* EXERCISE DESCRIPTION
From the listing below, output only the lines starting at the line that has "Minnesota je ugnala" and ending at the line that has "exhaust Tecnigas O-Pro", exactly as they appear, ends included.

* GIVEN DATA
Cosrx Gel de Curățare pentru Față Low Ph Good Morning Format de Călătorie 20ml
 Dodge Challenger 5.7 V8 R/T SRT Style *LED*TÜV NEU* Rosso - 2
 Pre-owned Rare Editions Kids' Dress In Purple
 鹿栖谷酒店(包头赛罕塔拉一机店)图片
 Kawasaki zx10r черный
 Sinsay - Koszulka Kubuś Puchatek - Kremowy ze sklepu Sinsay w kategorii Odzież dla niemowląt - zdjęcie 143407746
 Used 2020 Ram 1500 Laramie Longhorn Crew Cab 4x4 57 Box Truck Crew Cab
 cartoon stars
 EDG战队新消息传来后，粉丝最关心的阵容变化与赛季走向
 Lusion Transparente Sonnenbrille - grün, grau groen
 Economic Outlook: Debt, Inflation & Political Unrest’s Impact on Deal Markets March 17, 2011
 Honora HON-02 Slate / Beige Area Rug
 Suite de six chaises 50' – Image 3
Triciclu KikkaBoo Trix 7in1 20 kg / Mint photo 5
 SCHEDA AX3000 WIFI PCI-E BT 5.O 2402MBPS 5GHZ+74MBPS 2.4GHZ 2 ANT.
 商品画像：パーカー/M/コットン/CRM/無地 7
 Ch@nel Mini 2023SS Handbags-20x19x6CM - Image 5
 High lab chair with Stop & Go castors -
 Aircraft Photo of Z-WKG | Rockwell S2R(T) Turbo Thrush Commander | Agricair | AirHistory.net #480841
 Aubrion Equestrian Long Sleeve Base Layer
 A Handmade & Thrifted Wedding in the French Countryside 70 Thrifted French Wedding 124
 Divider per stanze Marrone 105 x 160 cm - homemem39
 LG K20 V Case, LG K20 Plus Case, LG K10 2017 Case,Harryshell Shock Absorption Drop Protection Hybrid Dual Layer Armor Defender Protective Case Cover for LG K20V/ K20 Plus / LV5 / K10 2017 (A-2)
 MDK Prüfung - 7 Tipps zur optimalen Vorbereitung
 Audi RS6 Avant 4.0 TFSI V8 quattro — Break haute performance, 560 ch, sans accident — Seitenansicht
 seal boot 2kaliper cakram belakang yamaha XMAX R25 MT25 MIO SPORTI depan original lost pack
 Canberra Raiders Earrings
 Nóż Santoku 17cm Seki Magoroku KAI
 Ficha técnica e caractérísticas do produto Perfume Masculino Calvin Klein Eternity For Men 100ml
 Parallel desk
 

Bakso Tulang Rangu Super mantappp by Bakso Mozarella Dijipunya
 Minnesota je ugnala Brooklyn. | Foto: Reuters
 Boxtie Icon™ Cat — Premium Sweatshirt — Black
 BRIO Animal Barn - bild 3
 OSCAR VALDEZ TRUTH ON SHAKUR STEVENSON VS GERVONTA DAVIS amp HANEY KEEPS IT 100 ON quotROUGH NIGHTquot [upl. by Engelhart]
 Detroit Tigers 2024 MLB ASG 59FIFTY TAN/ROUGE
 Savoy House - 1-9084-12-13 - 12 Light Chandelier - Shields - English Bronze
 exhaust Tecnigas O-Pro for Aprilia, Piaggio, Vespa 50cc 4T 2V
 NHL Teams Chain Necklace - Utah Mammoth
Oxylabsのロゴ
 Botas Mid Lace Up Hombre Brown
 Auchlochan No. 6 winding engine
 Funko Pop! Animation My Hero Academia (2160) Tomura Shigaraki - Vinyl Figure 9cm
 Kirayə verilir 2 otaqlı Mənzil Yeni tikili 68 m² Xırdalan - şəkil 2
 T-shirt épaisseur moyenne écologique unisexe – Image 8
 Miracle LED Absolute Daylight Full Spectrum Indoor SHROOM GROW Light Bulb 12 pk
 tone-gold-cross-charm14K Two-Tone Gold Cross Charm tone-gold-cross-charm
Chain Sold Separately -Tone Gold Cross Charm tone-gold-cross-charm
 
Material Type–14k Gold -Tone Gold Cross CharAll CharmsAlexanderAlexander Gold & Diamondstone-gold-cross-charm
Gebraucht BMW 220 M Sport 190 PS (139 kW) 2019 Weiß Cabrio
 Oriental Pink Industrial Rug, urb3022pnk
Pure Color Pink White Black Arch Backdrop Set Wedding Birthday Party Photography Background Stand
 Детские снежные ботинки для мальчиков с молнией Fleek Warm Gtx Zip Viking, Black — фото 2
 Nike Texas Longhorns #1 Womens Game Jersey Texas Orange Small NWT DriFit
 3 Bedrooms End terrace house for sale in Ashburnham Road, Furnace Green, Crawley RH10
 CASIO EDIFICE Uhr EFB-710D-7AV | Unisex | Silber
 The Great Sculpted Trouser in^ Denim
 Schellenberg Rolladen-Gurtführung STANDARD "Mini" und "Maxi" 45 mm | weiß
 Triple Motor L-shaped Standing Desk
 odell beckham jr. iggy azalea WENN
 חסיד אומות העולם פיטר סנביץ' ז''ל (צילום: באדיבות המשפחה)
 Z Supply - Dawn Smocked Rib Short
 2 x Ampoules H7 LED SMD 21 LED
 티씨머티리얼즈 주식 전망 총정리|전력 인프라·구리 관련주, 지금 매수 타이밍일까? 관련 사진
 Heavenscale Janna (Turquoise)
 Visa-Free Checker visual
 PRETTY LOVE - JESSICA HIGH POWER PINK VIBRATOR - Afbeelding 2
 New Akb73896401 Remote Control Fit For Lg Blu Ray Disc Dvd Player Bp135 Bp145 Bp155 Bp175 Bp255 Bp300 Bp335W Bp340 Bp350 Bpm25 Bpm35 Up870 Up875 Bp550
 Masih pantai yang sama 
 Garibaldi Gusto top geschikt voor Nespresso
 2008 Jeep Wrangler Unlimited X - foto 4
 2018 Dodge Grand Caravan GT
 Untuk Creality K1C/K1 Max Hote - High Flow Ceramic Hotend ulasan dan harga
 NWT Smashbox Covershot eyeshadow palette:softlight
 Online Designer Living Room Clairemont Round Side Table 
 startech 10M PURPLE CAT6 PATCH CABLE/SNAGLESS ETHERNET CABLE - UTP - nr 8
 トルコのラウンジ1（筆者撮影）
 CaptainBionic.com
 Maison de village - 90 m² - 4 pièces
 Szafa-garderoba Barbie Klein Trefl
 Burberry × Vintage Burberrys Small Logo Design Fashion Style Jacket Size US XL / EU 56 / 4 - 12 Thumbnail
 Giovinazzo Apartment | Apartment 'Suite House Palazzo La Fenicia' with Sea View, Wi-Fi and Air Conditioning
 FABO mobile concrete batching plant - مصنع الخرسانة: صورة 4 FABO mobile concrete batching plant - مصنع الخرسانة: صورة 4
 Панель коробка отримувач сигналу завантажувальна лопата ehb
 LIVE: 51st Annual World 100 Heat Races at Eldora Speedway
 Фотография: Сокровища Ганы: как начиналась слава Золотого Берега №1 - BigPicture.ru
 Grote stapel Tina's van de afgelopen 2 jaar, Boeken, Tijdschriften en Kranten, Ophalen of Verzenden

* WRITTEN REPLY
 Minnesota je ugnala Brooklyn. | Foto: Reuters
 Boxtie Icon™ Cat — Premium Sweatshirt — Black
 BRIO Animal Barn - bild 3
 OSCAR VALDEZ TRUTH ON SHAKUR STEVENSON VS GERVONTA DAVIS amp HANEY KEEPS IT 100 ON quotROUGH NIGHTquot [upl. by Engelhart]
 Detroit Tigers 2024 MLB ASG 59FIFTY TAN/ROUGE
 Savoy House - 1-9084-12-13 - 12 Light Chandelier - Shields - English Bronze
 exhaust Tecnigas O-Pro for Aprilia, Piaggio, Vespa 50cc 4T 2V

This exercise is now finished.